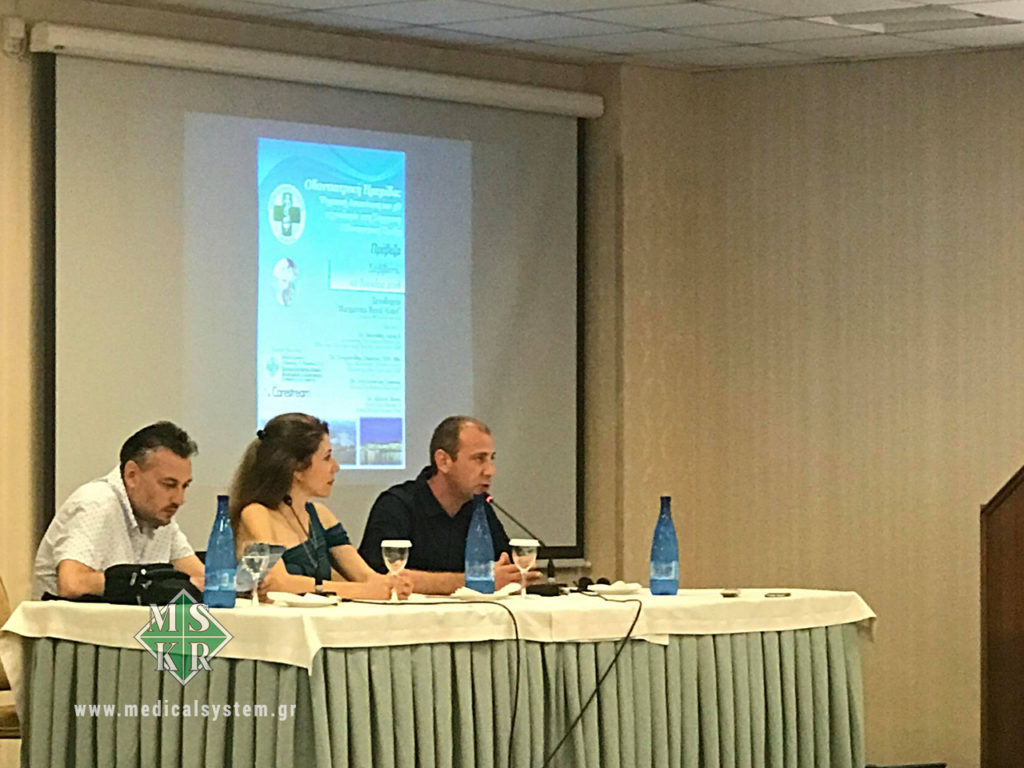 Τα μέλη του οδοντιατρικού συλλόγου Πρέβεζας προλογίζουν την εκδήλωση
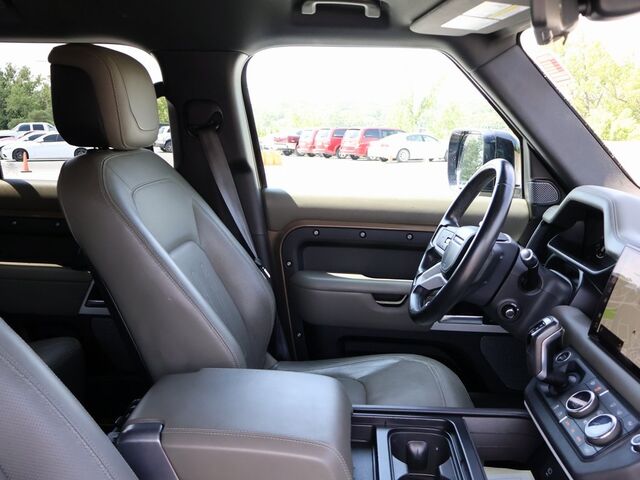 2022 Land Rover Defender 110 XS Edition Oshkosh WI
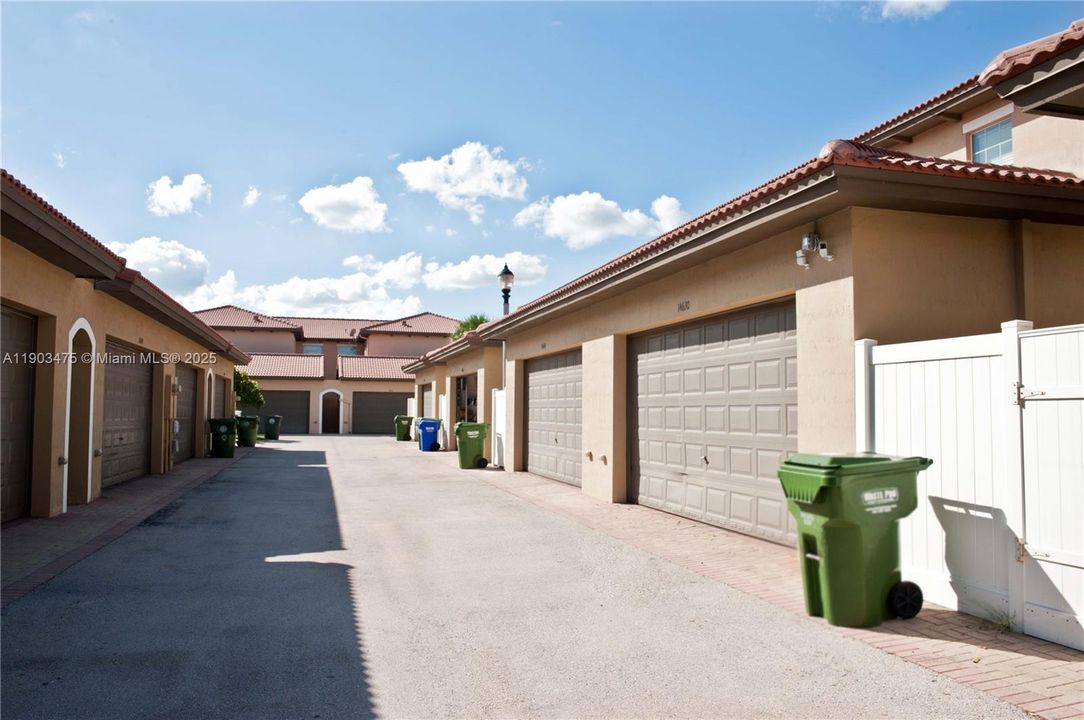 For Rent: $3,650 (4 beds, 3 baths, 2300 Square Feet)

___

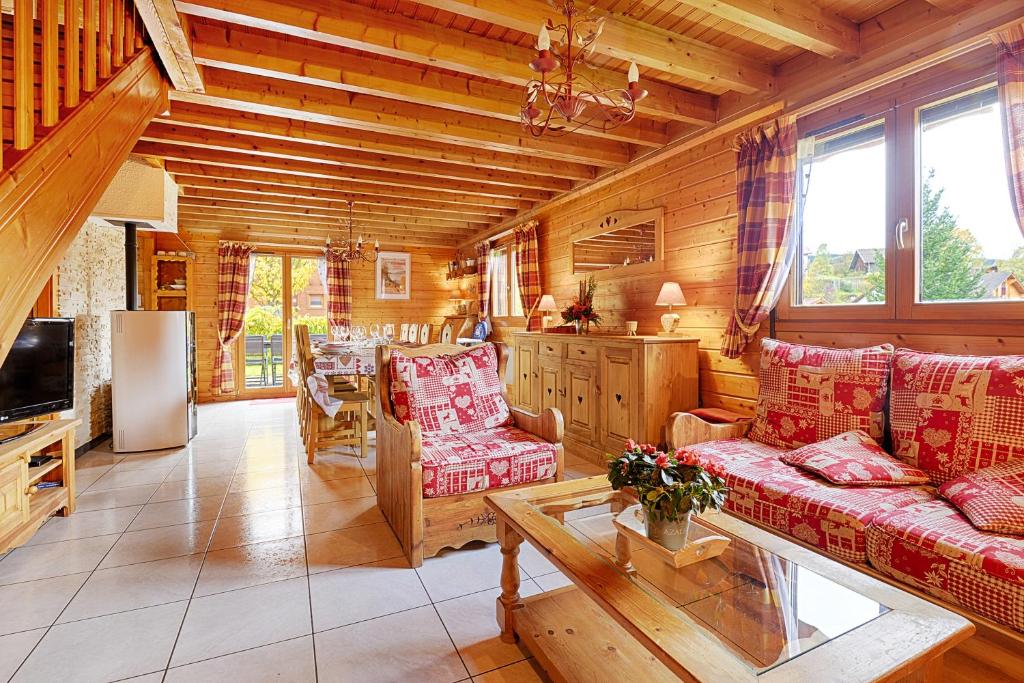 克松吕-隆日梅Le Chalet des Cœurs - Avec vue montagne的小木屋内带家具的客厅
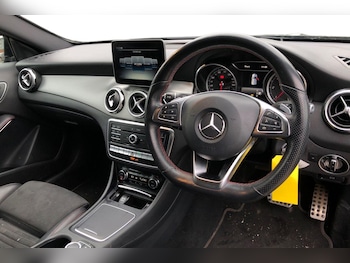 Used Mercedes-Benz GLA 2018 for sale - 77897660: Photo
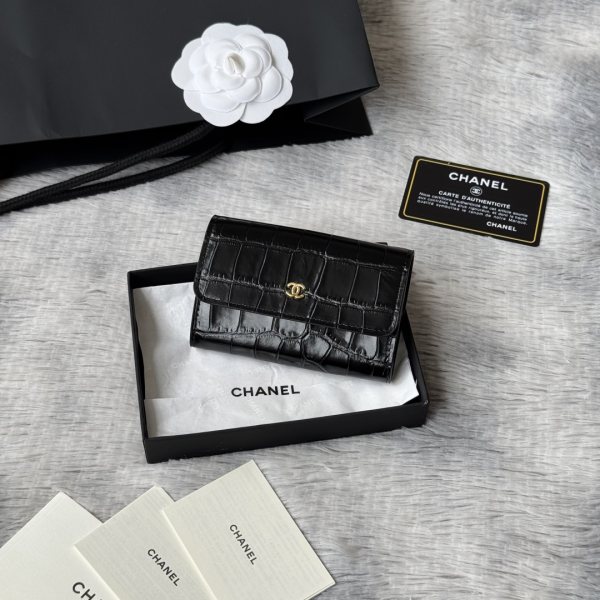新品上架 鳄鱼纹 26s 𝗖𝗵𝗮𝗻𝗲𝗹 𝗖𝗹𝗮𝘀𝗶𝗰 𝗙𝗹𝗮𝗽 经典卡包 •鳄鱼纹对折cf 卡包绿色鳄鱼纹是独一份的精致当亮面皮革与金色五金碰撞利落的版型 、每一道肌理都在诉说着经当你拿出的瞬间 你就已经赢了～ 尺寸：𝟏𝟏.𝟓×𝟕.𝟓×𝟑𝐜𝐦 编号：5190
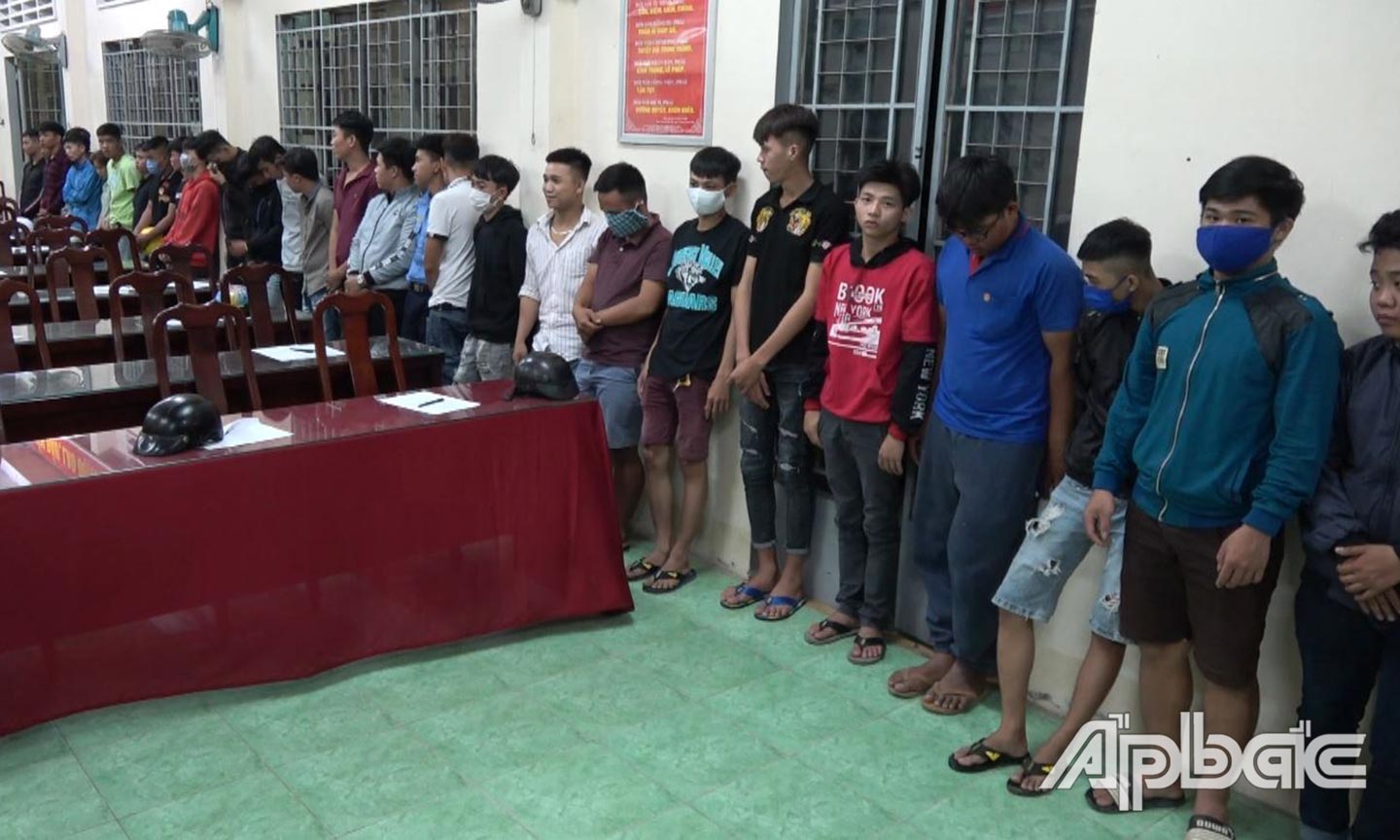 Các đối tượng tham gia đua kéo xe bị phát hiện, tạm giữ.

___

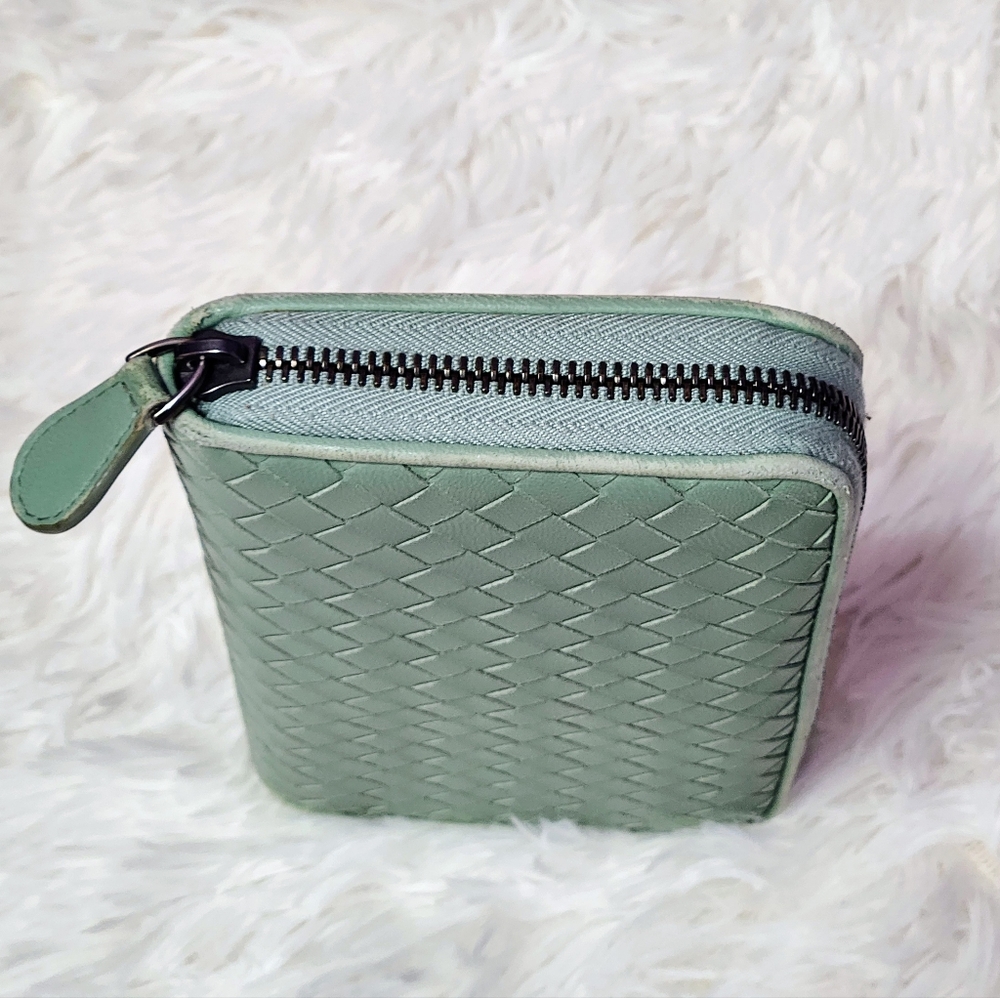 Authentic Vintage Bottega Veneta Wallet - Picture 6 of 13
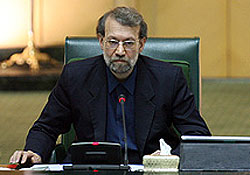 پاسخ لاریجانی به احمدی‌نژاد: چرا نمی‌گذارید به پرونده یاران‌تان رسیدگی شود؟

___

- [EXERCISE REQUIREMENTS] In the data above, retype only the stretch from the line with "Τα μέλη του" through the line with "For Rent: $3,650", word for word, and skip any pictures.

- [RESPONSE BOX]
 Τα μέλη του οδοντιατρικού συλλόγου Πρέβεζας προλογίζουν την εκδήλωση
 2022 Land Rover Defender 110 XS Edition Oshkosh WI
 For Rent: $3,650 (4 beds, 3 baths, 2300 Square Feet)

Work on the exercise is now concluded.